It's time for me to rant a little.
All this week and all next week, Holy Mother Church in the Office of Readings has us reading St. Augustine on pastors (from the sermon of that title) and the holy Prophet Ezechiel on (rotten) shepherds. These might as well be titled "All the Ways Your Bishop Can Screw Up" or "Fifty Ways to Condemn Your Pastor".
But, to listen to us in the Bloggsville comboxes, we don't need any help to condemn our pastors, we are already very efficient at that. And we already know all the ways that our bishops can screw up. Those of us who did not know it before had a crash course in that subject in 2002 with Boston's long Lent, Palm Beach's repeated bereavement, and all the rest of it.
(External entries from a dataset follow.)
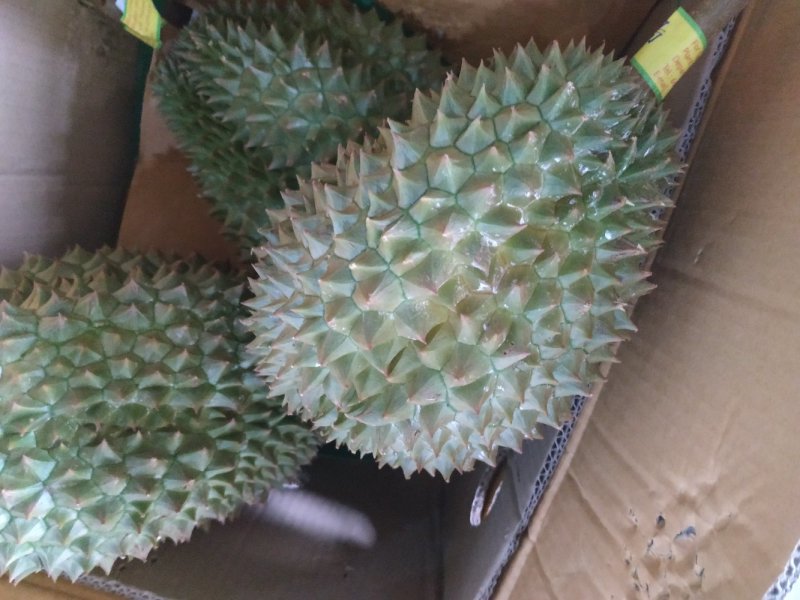泰国榴莲，金枕，青尼，托曼尼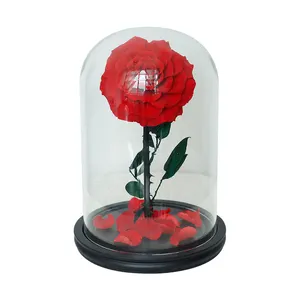 2024 Valentinstagsgeschenk perfekte Sets unsterblich Unendlich ewig für immer stabilisierte konservierte Rosen im Glas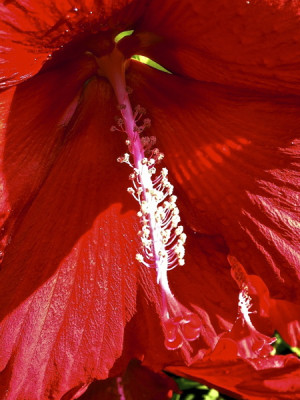 Stillwell_HibisLord_Baltimore_red4cus_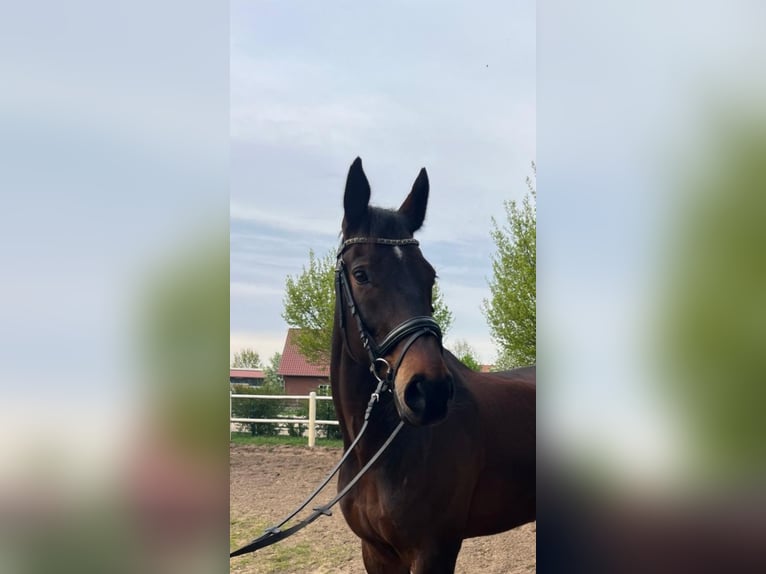 Caballo de deporte alemán Caballo castrado 13 años 180 cm Castaño in Berlin
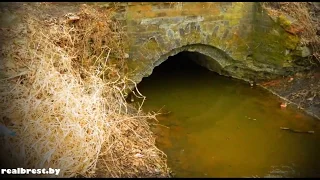 В БРЕСТСКОЙ КРЕПОСТИ НЕТ ОБВОДНОГО КАНАЛА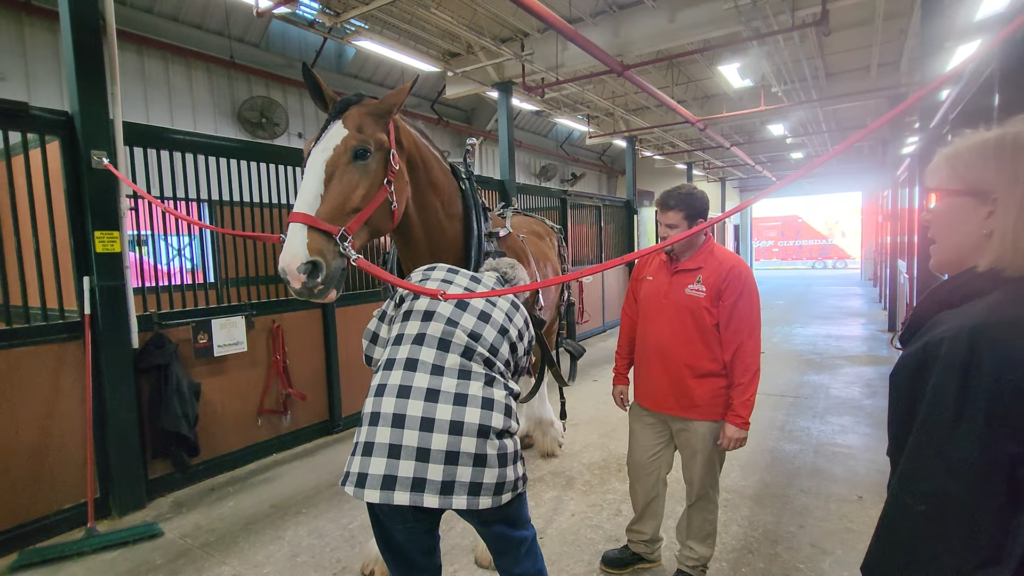 The Grand Expedition: Training a Powerful Horse for the Racing Arena 1 1 image 104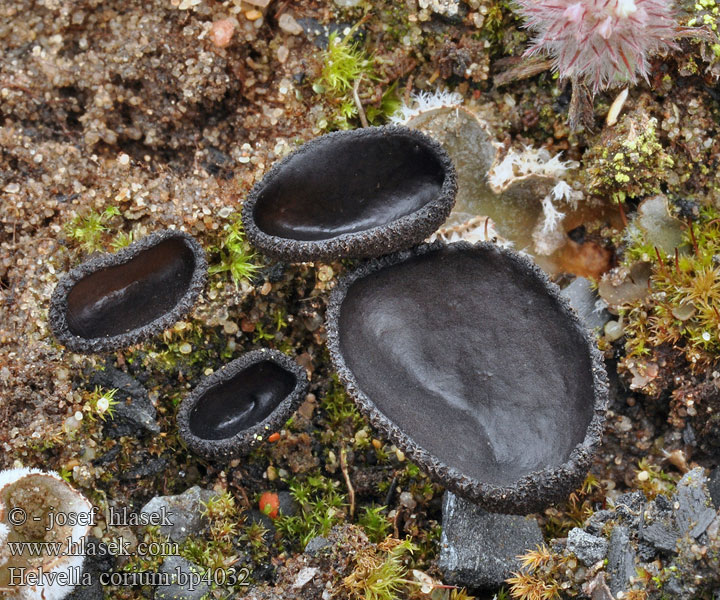 Helvella corium Chřapáč černý Lederige Lorchel Zwarte schotelkluifzwam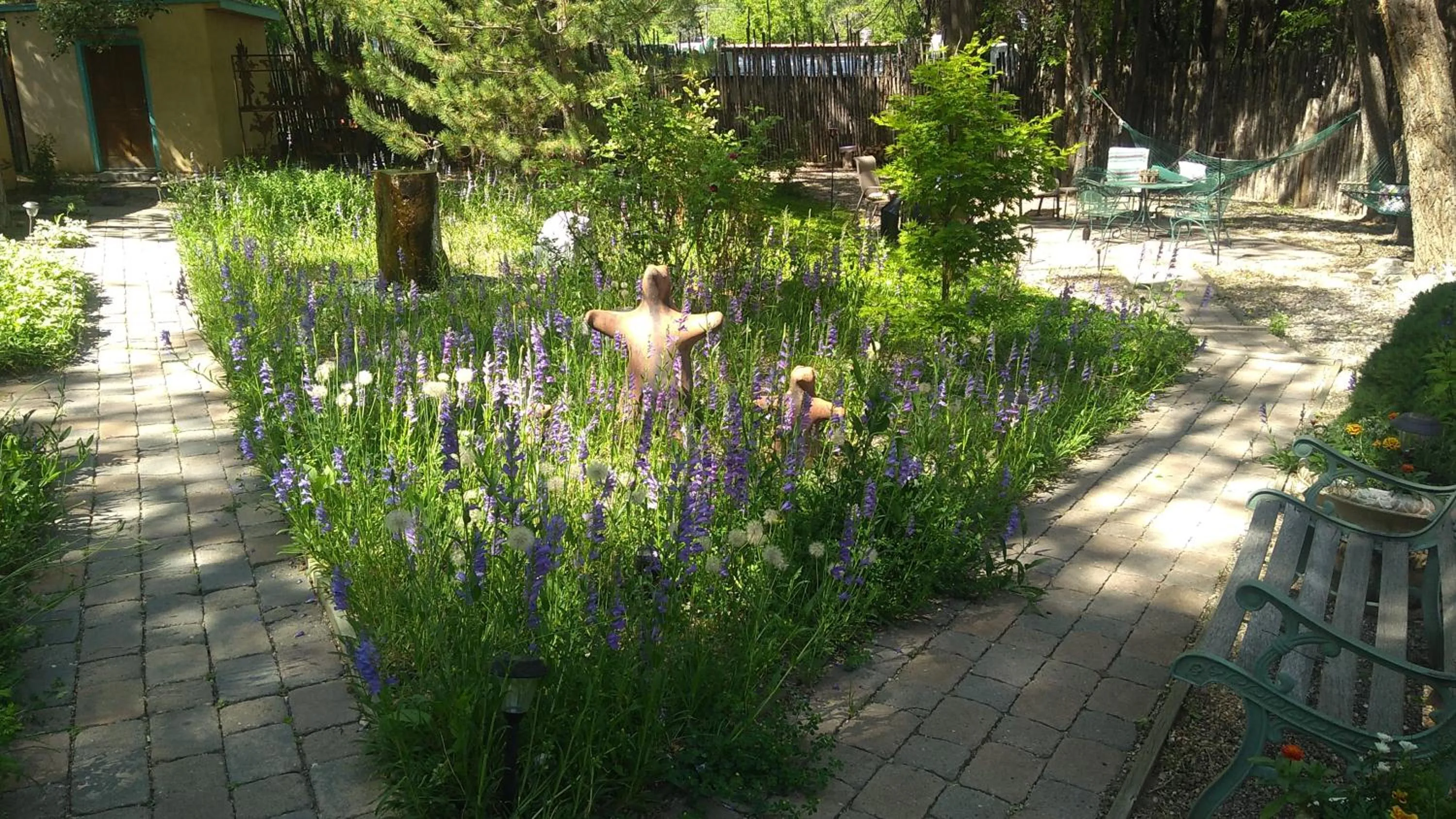 Garden in Dreamcatcher B&B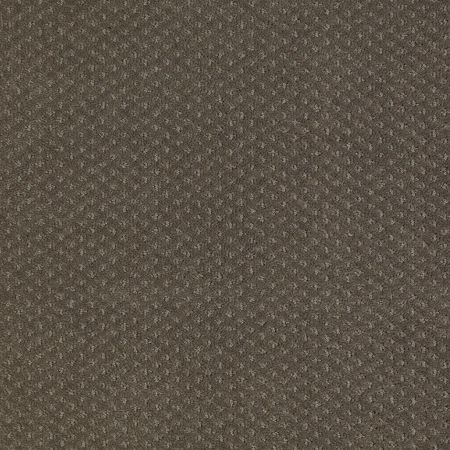 Shaw Floors SHAW FLOORING GALLERY Departure Graphite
Where, might I ask, is the document we really need? Where is "On Parishioners", or, maybe, "On the Putative Faithful? We screw up as followers, students, and sheep just as much, if not more, than the pastors and the bishops flub being leaders, teachers, and shepherds. And, plenty of the ways they fail are directly related to our refusals and misdoing and sheer stubbornness.
If I cultivate a teachable spirit, and hold out my hand to be taken and led, it is no surprise when I am taught and sheltered and led. If, on the other hand, I sit like a bump on a log and fight kicking and biting when anyone tries to pick me up, should I be very surprised when, after dozens of attempts to lure me or budge me, my caretaker succumbs to discouragement and gives up trying?
We have a duty to honor and care for our pastors, just as they have a duty to honor and care for us. When the newly-named bishop arrives, and the chancellor, the college of consultors, the papal nuncio, et alia sit him down in the big chair with the crozier in his hand, he takes on responsibilities and duties toward us --- and we take on reciprocal responsibilities and duties toward him.
Our bishop is to nurture and care for us.
We are to nurture and care for our bishop.
Our bishop is to teach us and to give us guidance in the way of the Lord.
We are to pay attention to the bishop's teachings and to be amenable to being guided.
Our bishop is to treat us with honor and care and respect, even when he has to correct us or rebuke us.
We are to treat the bishop with honor and care and respect, even when we have to respectfully disagree with him or even correct him.
Our bishop prays for us. We pray for our bishop(and not just in the Eucharistic Prayer on Sunday!).
I could continue....
As we continue praying "On Pastors" for the rest of this week, let us not gloat. Let us remember that we parishioners have duties and responsibilities to match every one of the duties that St Augustine is taking them pastors to task for, and in many ways we've been equal screw-ups with, or ever greater screw-ups than, our pastors and our bishops. Many of the problems of our pastors and our bishops in these days stem in some part, maybe large part, from our own failures at fulfilling our parts in our relationships with them.
We failed to pray for them, and picked at them instead. We expected to be deferred to, rather than to be taught; so we wouldn't pay attention to any teaching that we didn't like or that made us feel uncomfortable. When we disagreed with one or another prudential judgment of our pastor or our bishop, we tantrummed and made public shameful scenes, even when what was decided was well within the applicable norms and reasonable common-sense. When we were supposed to be gathered around our bishop as one holy people we insisted on dividing into factions and fighting internecine warfare in and over the Lord's Church.
It was never intended that all the holiness of the Church come from the priests, and maybe the sisters. The holiness of the Church is to come from all of us --- or more correctly, from our Lord through every single one of us. We cannot get away with or be satisfied with anything less than sanctity of life. Not only Prophet Ezechiel's and St Augustine's targets this fortnight, but me and you and all of us! Lord, have mercy; all saints of God, pray for us.